La deuda total del sector público no financiero (SPNF) a mayo de este año ascendió a US$47,290.7 millones (un crecimiento anualizado de 23.4%), si esa deuda se mide con el PIB estimado para el presupuesto de 2021, ascendente a US$78,689.6 millones, la relación Deuda/PIB sería de 60% del PIB, en el caso de la Dirección de Crédito Público lo comparan con el PIB estimado a mayo y la relaciones de 56.6% del PIB, pero el PIB reestimado en junio para fines del presupuesto complementario ascendió a US$87,778.6, entonces la relación es de 53.9% del PIB.

El mismo monto de deuda, con las mismas obligaciones de amortización e intereses, presenta diferentes ratios de Deuda/PIB.

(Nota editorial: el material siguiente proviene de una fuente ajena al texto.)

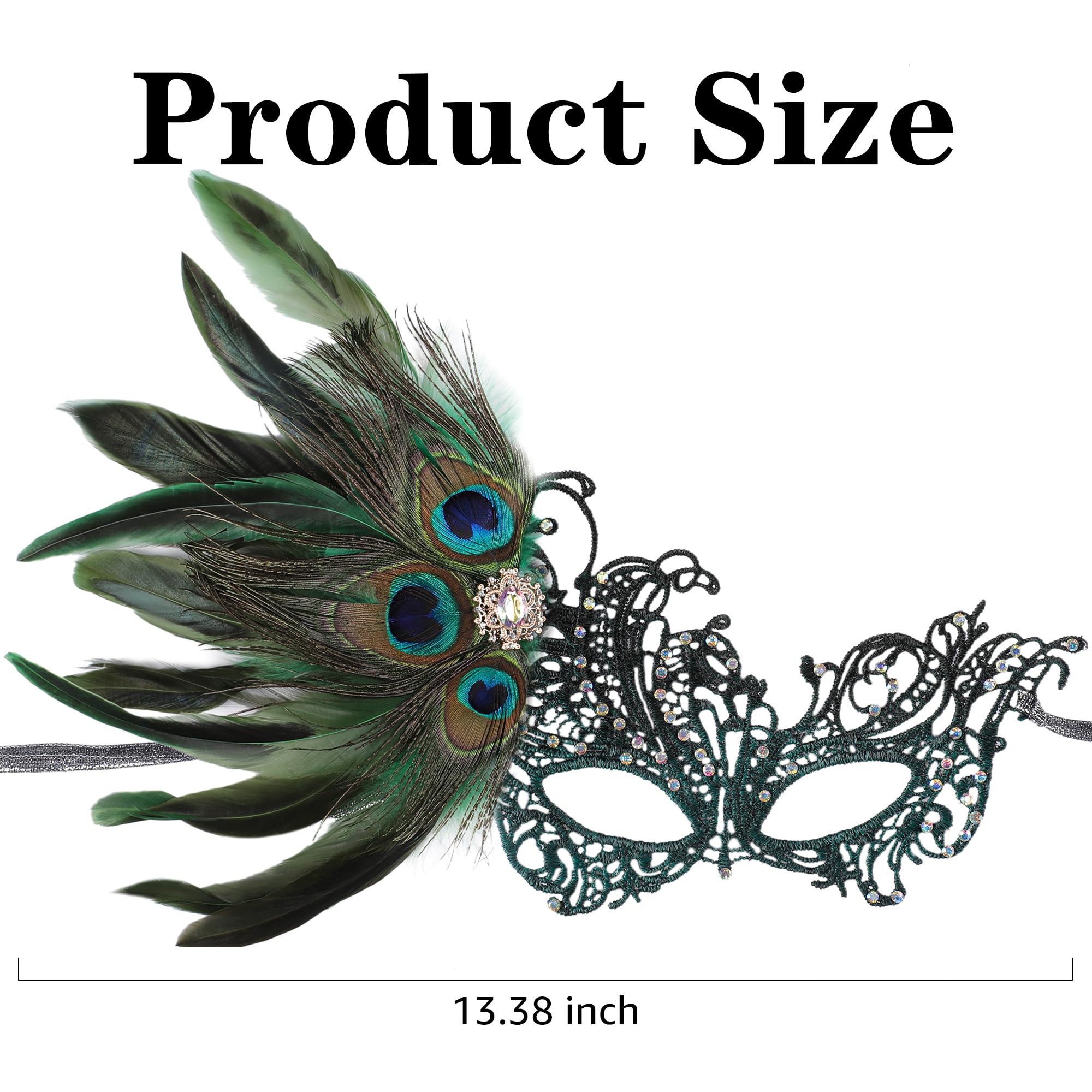 ETOFETE Green Lace Masquerade Mask for Carnival Party Peacock Feathers Venetian Mask for Halloween Womens Mardi Gras - Image 4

En países como el nuestro la variable importante es el pago de intereses en relación a los ingresos fiscales. El Gobierno cuenta con los ingresos fiscales, no del PIB para cumplir con la deuda.

En el presupuesto modificado para este 2021 el déficit fiscal ascendería a RD$210,224.9 millones, equivalente al 4.1% del PIB y al 27.5% de los ingresos fiscales; aunque por un manejo de pasivos el Gobierno cuenta con RD$69,907.2 millones en caja.

En un informe de Hacienda enviado al Congreso (Informe de Avance Proyecciones Macroeconómicas y Fiscales 2022 de julio 2021), se presenta un primer escenario sin reforma fiscal y con un crecimiento autónomo de los ingresos, resultando un déficit ascendente a RD$247,406.31 millones, equivalente al 4.4% del PIB, pago de intereses por un monto de RD$200,813.5 millones, equivalente al 3.6% del PIB y 24.6% de los ingresos fiscales. En ambos escenarios es alta la relación entre pago de intereses e ingresos fiscales.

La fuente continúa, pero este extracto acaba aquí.